=== Begin Enclosure ===

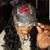 Lainie Cudahy's profile image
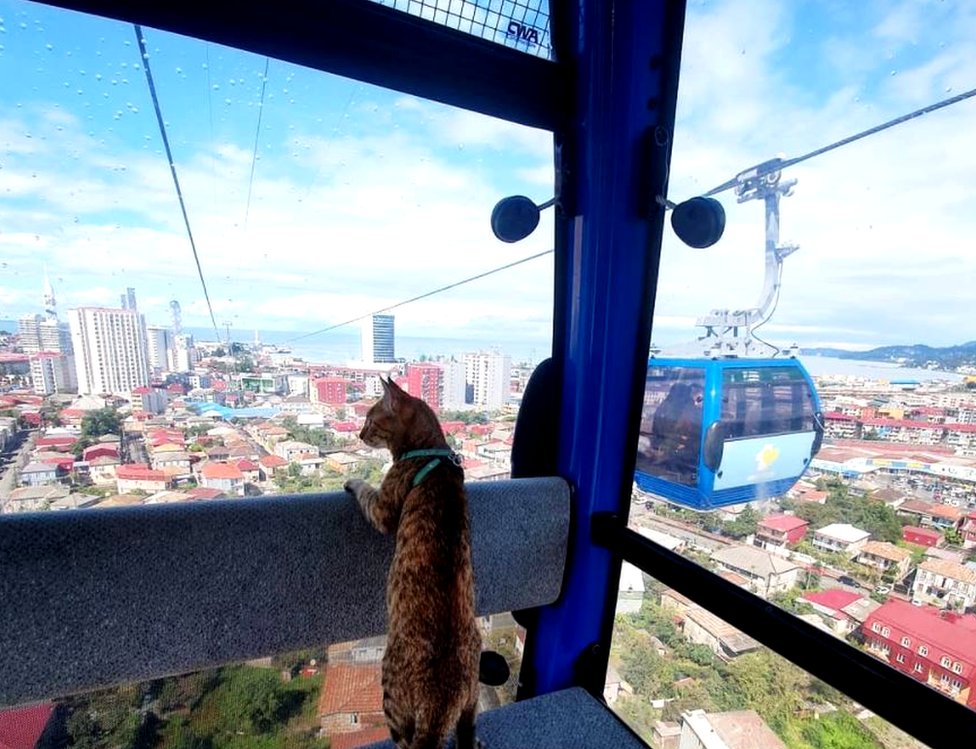 Cat on cable car in Batumi, Georgia
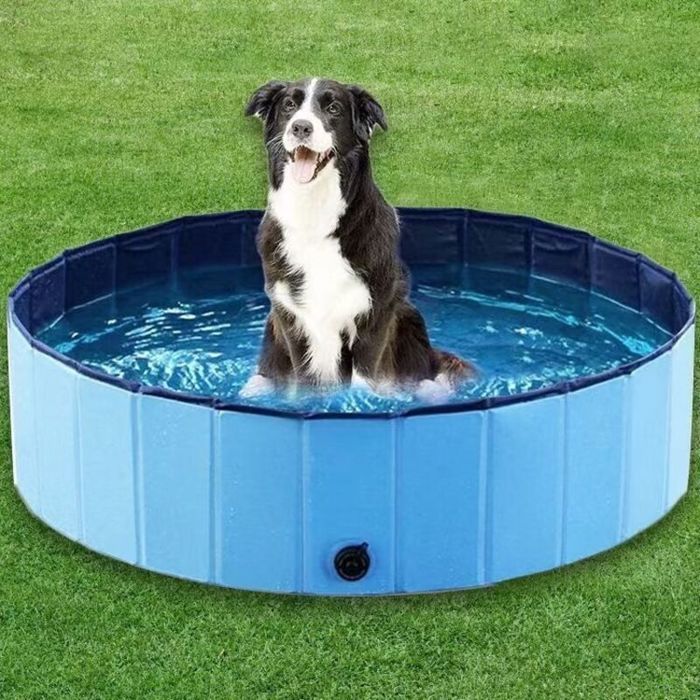 Piscine pour petits et grands chiens pliable antidérapante 80 x 20 cm PVC épais piscine pour chiens denfants.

=== End Enclosure ===

• Exercise:
Retype exactly, please, the span from the line holding "Cat on cable car in Batumi, Georgia" through the closing line of the data, both ends included, without the pictures.

• Answer space:
 Cat on cable car in Batumi, Georgia
 Piscine pour petits et grands chiens pliable antidérapante 80 x 20 cm PVC épais piscine pour chiens denfants.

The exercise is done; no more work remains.